#01503
The Loss Of The Atlantic (Kenneth Peacock)

Ye kind and tender Christians,
I pray you now draw near,
It's of a terrible shipwreck
I mean to let you hear,
The loss of the Atlantic
upon the ocean wave
Where fully seven hundred souls
met with a watery grave.

'Twas on the twentieth day of March
our gallant ship did sail,
Bound for the harbor of New York,
she had a pleasant gale;
We called next day at Queenstown
as we always had before,
And took on board three hundred souls,
their loss we now deplore.

We steamed away for seven days
without either dread or fear,
Our brave and honored captain
his course right well did steer,
Until he found to his dismay
his coal was rather low,
He changed his course for Halifax
which proved our overthrow.

'Twas on the first of April
in the morning at three o'clock,
When all on board were sunk in sleep
she ran upon a rock;
To hear the cries of wild despair
'twould make you for to weep,
And those loud cries of anguish
as they sank into the deep.

Oh heavens, 'twas an awful sight
the struggle there for life,
The mother parted from the child,
the husband from the wife;
The billows raged, the breakers roared
and o'er the vessel tore,
And washed o'erboard those human beings
to sink and rise no more.

So hard it is for to describe
all that they suffered there,
The men and women rushed on deck
with wild cries of despair;
And some climbed up the rigging,
for so we had been told,
And after hours of suffering
they died there with the cold.

One man escaped into a boat,
with terror looked behind,
And trembling there upon the deck
he saw his wife so kind.
"Without my wife I cannot live
so with her I will die,
And hope we soon will meet again
before the Lord on high."

And when the news had reached New York
'twould grieve your heart full sore
To see the people cry and weep for
their friends they'll see no more;
The office of the White Star
in crowds they did surround
To see if news from those they loved
could anywhere be found.

To see the agèd mother
it would melt your heart with pain:
"Where is my loving daughter,
shall I ne'er see her again?"
And the tender-hearted sister
with sorrow she did cry:
"Must my kind and loving brother
in the ocean's bosom lie?"

The poor old feeble father
with grief he tore his hair:
"Must I ne'er see forevermore
my sons and daughter fair?"
Now to conclude my dreary song
I've one more thing to say:
Ye kind and tender Christians,
I hope you'll for them pray.

####.... Author unknown.
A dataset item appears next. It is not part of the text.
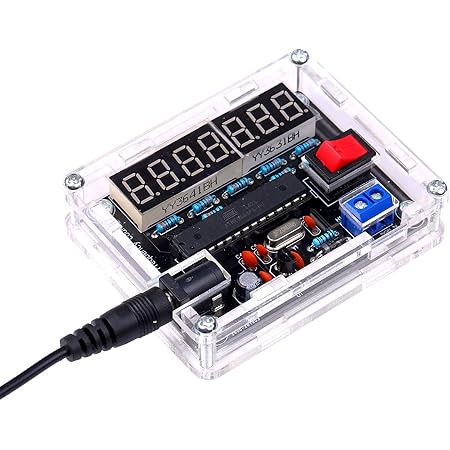 Amazon Co Jp Sodial 50mhz水晶発振周波数カウンタテスターdiyキット 5デジタルディスプレイ解像度 赤 産業 研究開発用品 Amazon Co Jp Sodial 50mhz水晶発振周波数カウンタテスターdiyキット 5デジタルディスプレイ解像度 赤 産業 研究開発用品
Variant of a Copy Of Verses On The Wreck Of The Atlantic with a prose account by an unknown printer, dated 1873 and archived at the Bodleian Library Broadside Ballads, shelfmark: Harding B 13(234) ....####
Collected by Kenneth Peacock in 1960 from Joshua Osbourne [c1903-?] of Seal Cove, White Bay, NL, and published in Songs Of The Newfoundland Outports, Volume 3, pp.931-932, by the National Museum of Canada (1965) Crown Copyrights Reserved.

A very similar variant was collected in 1951 from Patrick (Pat) Critch [1882-1963] of Flatrock, NL, and published as Loss Of The Atlantic in MacEdward Leach And The Songs Of Atlantic Canada © 2004 Memorial University of Newfoundland Folklore and Language Archive (MUNFLA).
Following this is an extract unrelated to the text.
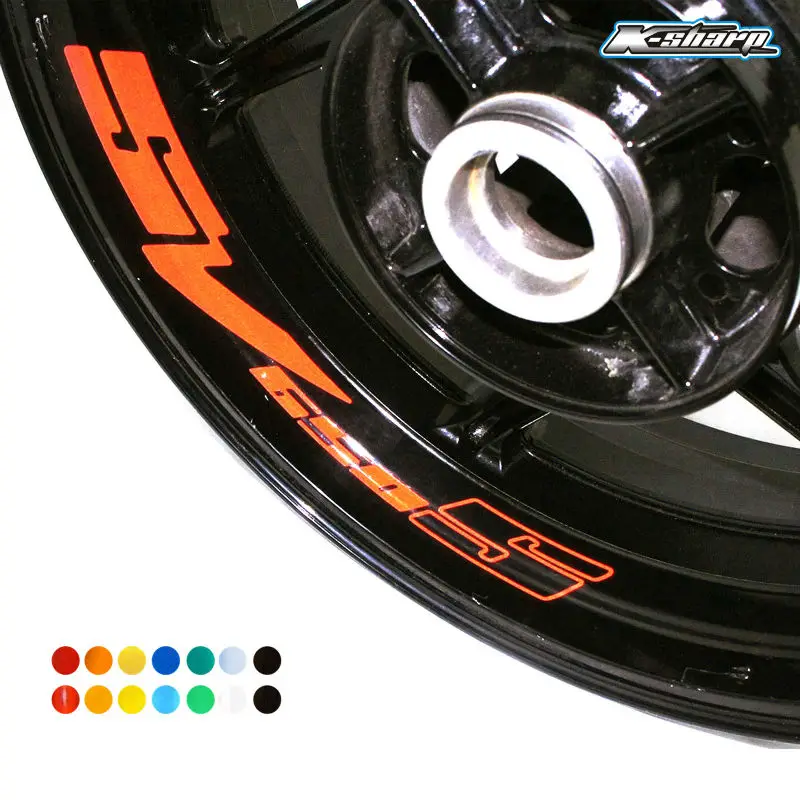 8 X пользовательских внутренних обода наклейки колеса Светоотражающие полосы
The passenger steamship Atlantic ran aground on a rock about fifty yards from Meagher's Island off Terence Bay, Nova Scotia, where 562 of the 952 passengers and crew perished on April 1, 1873, the greatest loss of life in a single North Atlantic tragedy between 1707 (Scilly, ±2000) and 1912 (Titanic, 1517). Of the 371 survivors only one child survived. All other women and children perished. Built in Belfast in 1871, The SS Atlantic was an iron vessel owned by the Ocean Steam Navigation Company of Liverpool and was one of the White Star Line ships.